The post is about autocorrelation Reasons that may occur in time series data. To learn and understand what is autocorrelation, see the post about Introduction to autocorrelation.

Autocorrelation Reasons

Autocorrelation Reasons

There are several reasons for Autocorrelation. Some of the most important autocorrelation reasons are:

i) Inertia

Inertia or sluggishness in economic time series is a great reason for autocorrelation. For example, GNP, production, price index, employment, and unemployment exhibit business cycles. Starting at the bottom of the recession, when the economic recovery starts, most of these series start moving upward. In this upswing, the value of a series at one point in time is greater than its previous values. These successive periods (observations) are likely to be interdependent.

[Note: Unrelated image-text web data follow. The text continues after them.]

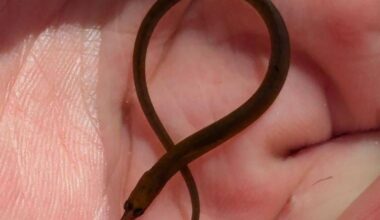 Been rock pooling in Cornwall my entire life, today was the first time ever seeing a pipefish. Very cool little guy!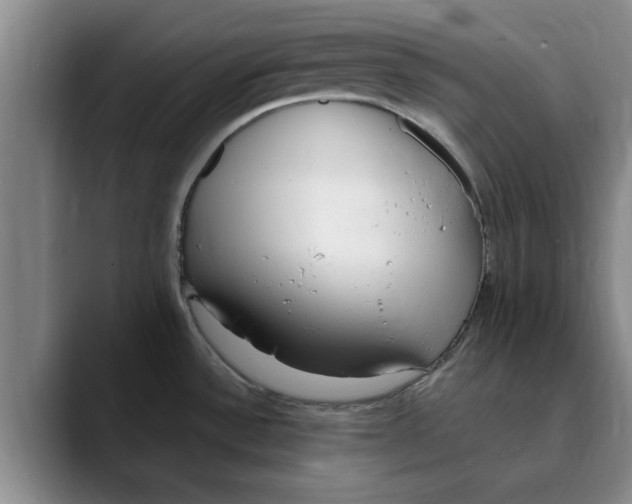 X0000089901532200707192024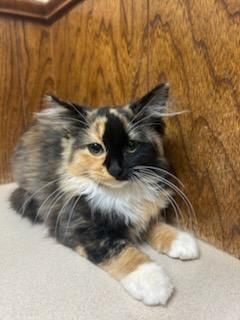 Enlarge Honey, a Adopted Domestic Long Hair in Oklahoma City, OK image 1/6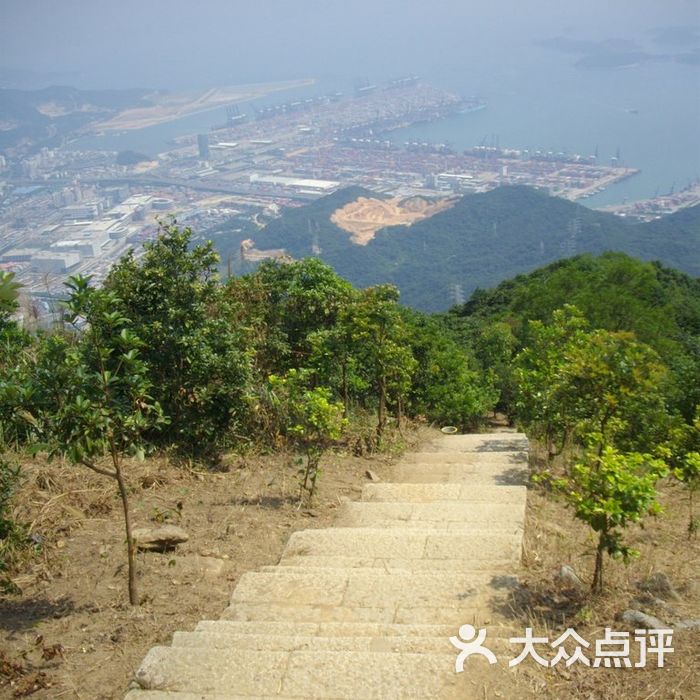 梧桐山 秀桐登山道                 阿童木rx           阿童木rx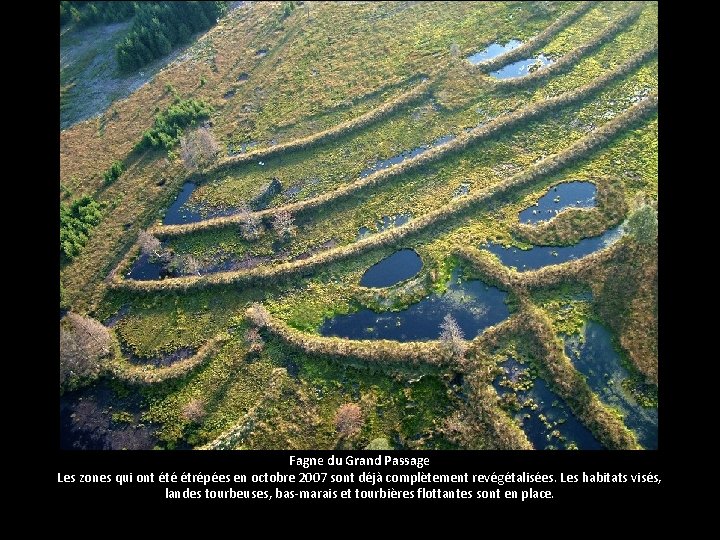 Fagne du Grand Passage Les zones qui ont été étrépées en octobre 2007 sont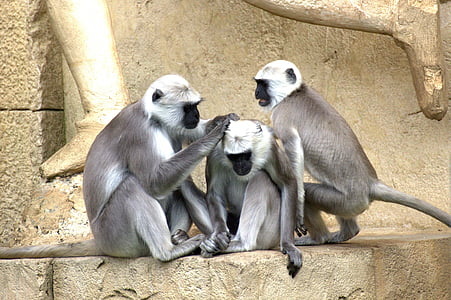 tre, bianco, marrone, scimmie, In alto, calcestruzzo, struttura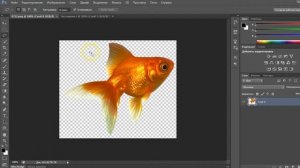 Как вырезать объект в Фотошопе с помощью инструмента Лассо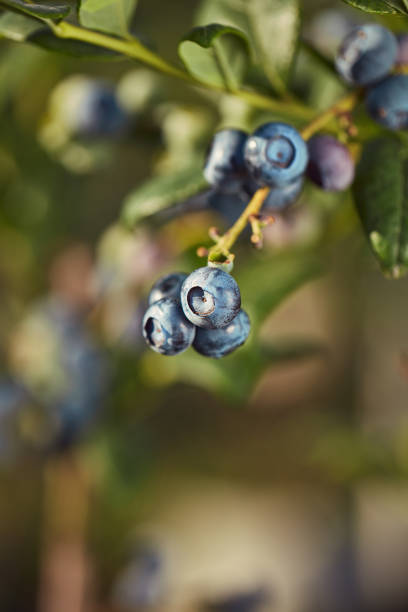 istock Fresh blueberries ready for seasonal picking on a farm. 2197941997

ii) Omitted Variables Specification Bias

The residuals (which are proxies for $u_i$) may suggest that some variables that were originally candidates but were not included in the model (for a variety of reasons) should be included. This is the case of excluded variable specification bias. Often the inclusion of such variables may remove the correlation pattern observed among the residuals. For example, the model

$$Y_t = \beta_1 + \beta_2 X_{2t} + \beta_3 X_{3t} + \beta_4 X_{4t} + u_t,$$

is correct. However, running

$$Y_t=\beta_1 + \beta_2 X_{2t} + \beta_3X_{3t}+v_i,\quad \text{where $v_t=\beta_4X_{4t}+u_t$ },$$

the error or disturbance term will reflect a systematic pattern. Thus creating false autocorrelation, due to the exclusion of $X_{4t}$ variable from the model. The effect of $X_{4t}$ will be captured by the disturbances $v_t$.

iii) Model Specification: Incorrect Functional Form

Autocorrelation can also occur due to the miss-specification of the model. Suppose that $Y_t$ is connected to $X_{2t}$ with a quadratic relation

$$Y_t=\beta_1 + \beta_2 X_{2t}^2+u_t,$$

but we wrongly estimate a straight line relationship ($Y_t=\beta_1 + \beta_2X_{2t}+u_t$). In this case, the error term obtained from the straight line specification will depend on $X_{2t}^2$. If $X_{2t}$ is increasing/decreasing over time, $u_t$ will also be increasing or decreasing over time. Therefore, an Incorrect Functional Form is also another important reason for autocorrelation.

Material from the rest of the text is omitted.